***** Data shown

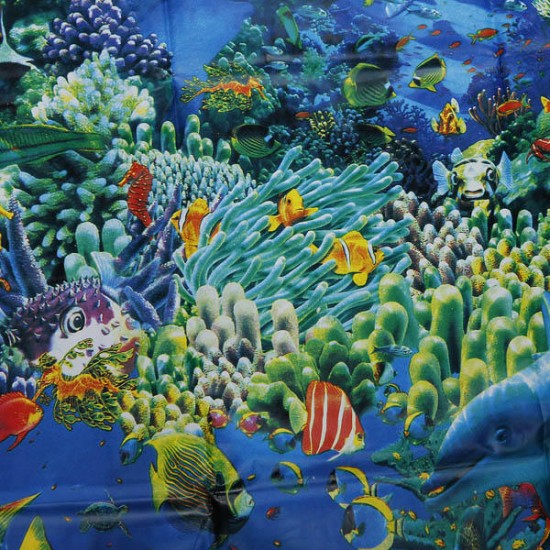 180*180cm Bathroom Undersea World Polyester Waterproof Shower Curtain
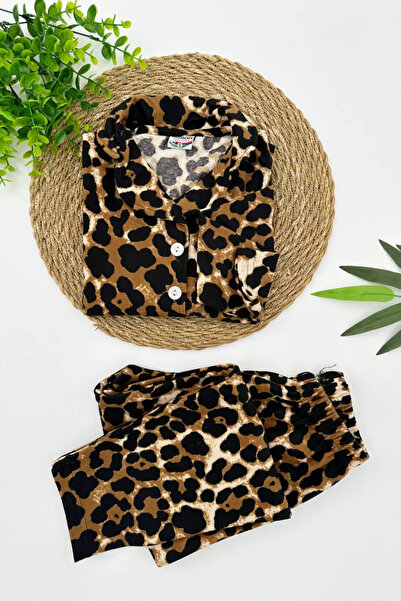 zahider Детски памучен комплект пижама с леопардов принт и копчета от велур з...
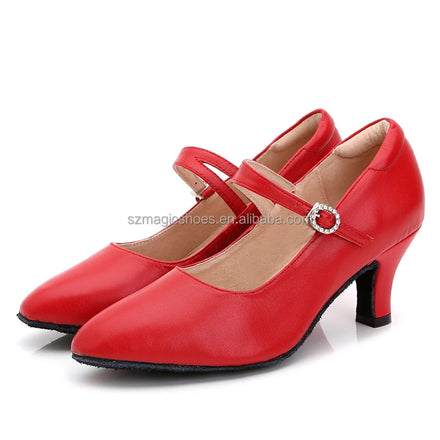 Wedopus Closed Latin Dance Shoes Woman Leather Red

**********

# Task goal:
Could you reproduce exactly the lines running from the one with "zahider Детски памучен" through the final line of the listing above, both included, and drop the pictures?

# Written response:
 zahider Детски памучен комплект пижама с леопардов принт и копчета от велур з...
 Wedopus Closed Latin Dance Shoes Woman Leather Red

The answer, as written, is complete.